- Directed by: Nancy Schwartzman
- Produced by: Nancy Schwartzman; Rachel de Leon; Christopher Clements; Julie Goldman; Alice Henty; Amanda Pike;
- Cinematography: Jenni Morello
- Edited by: Inbal B. Lessner; Kim Roberts;
- Music by: Morgan Kibby
- Production companies: Center for Investigative Reporting Studios; Motto Pictures;
- Distributed by: Netflix
- Release dates: January 23, 2023 (Sundance); May 19, 2023;
- Running time: 90 minutes
- Country: United States
- Language: English

= Victim/Suspect =

Victim/Suspect is a 2023 American documentary film, directed and produced by Nancy Schwartzman.
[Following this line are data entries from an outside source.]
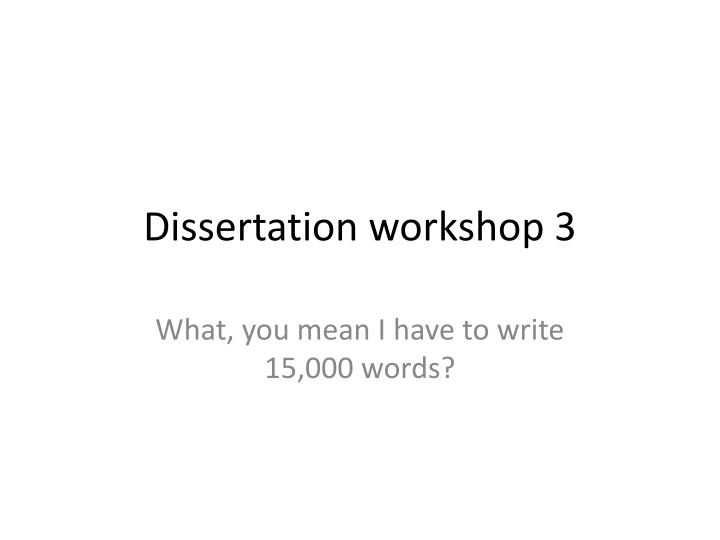 dissertation workshop 3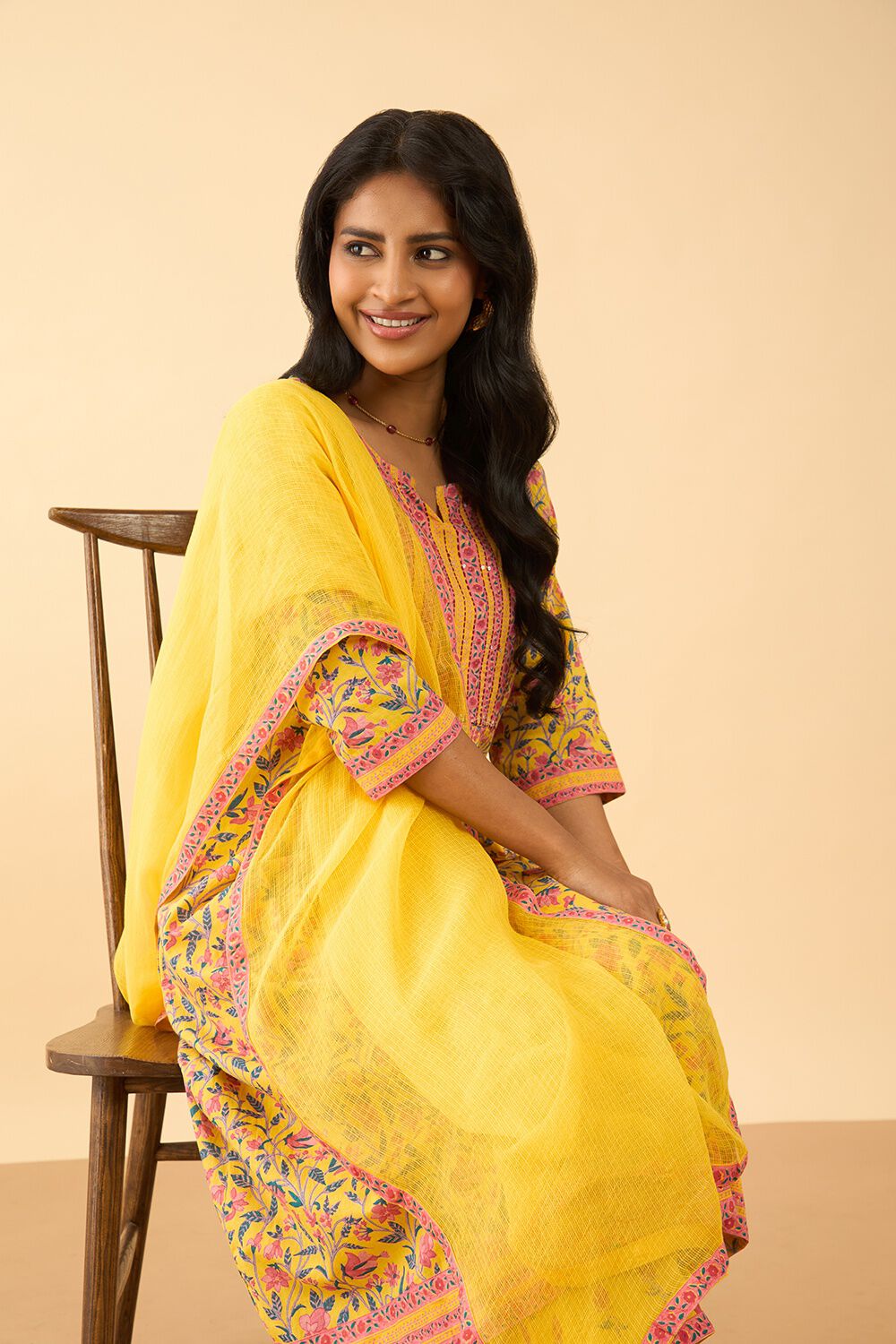 Yellow Screen Printed Pure Cotton Kurta Set image number null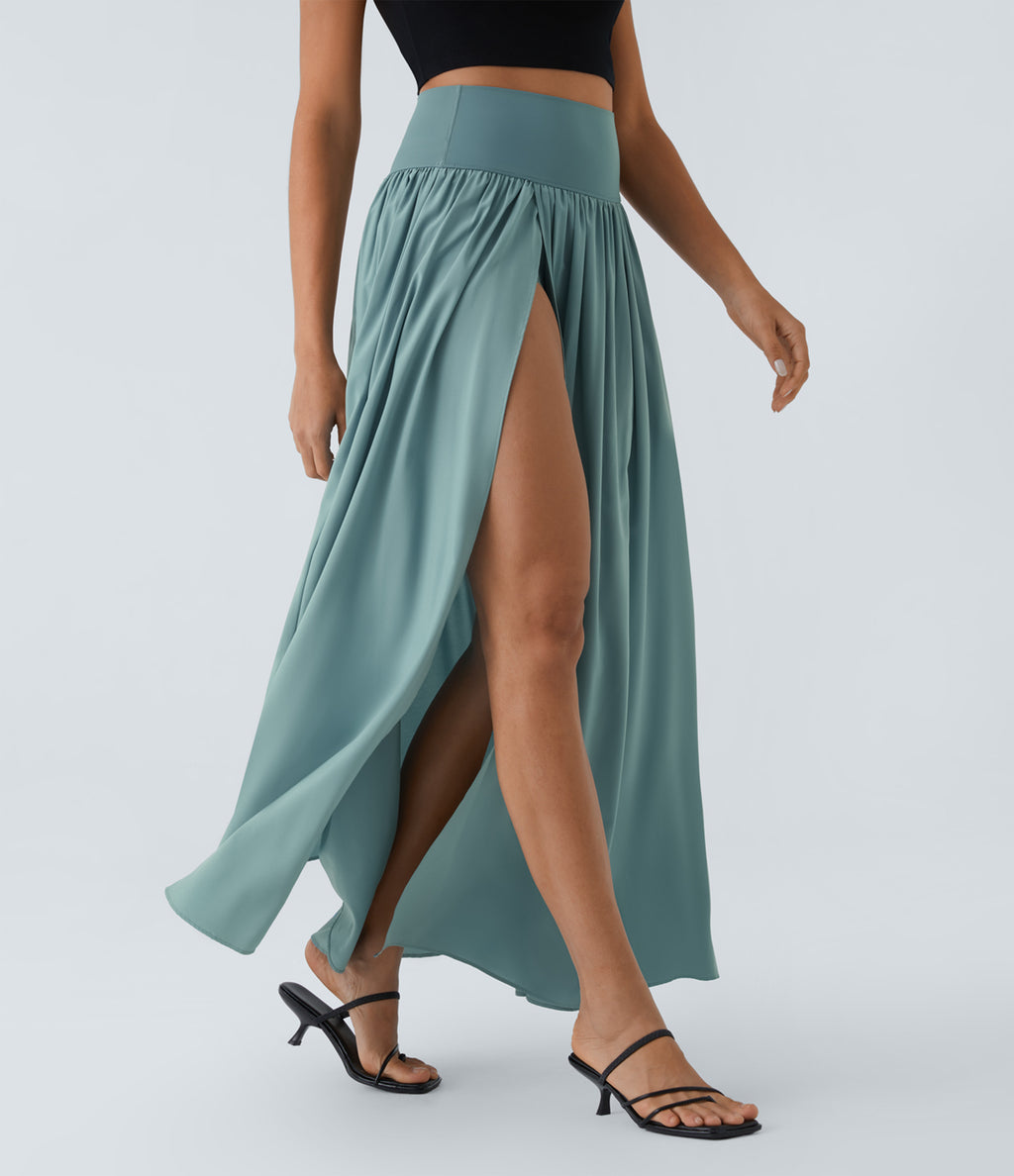 High Waisted Split 2-in-1 Flowy Quick Dry Maxi Casual Skort — Stone Blue — view 3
It follows young women who are charged by police with making false rape accusations, despite being truthful.

It had its world premiere at the 2023 Sundance Film Festival on January 23, 2023, and was released in a limited release on May 19, 2023, prior to streaming on Netflix on May 23, 2023.

==Premise==
Rachel de Leon, a journalist at The Center for Investigative Reporting discovers a number of legal cases across the United States, where young women are charged by police for making false rape accusations, despite being truthful.

==Release==
It had its world premiere at the 2023 Sundance Film Festival on January 23, 2023. It also screened at CPH:DOX on March 20, 2023. It was released in a limited release on May 19, 2023, prior to streaming on Netflix on May 23, 2023.

==Reception==
Victim/Suspect received mostly positive reviews from critics. On Metacritic the film holds a score of 67 out of 100 based on five reviews, indicating "generally favorable reviews". On Rotten Tomatoes it holds a score of 79% based on 33 reviews, with an average score of 6.9 out of 10. The critics consensus reads "Although it's arguably not quite the documentary its subject deserves, Victim/Suspect remains an important and infuriating piece of journalism."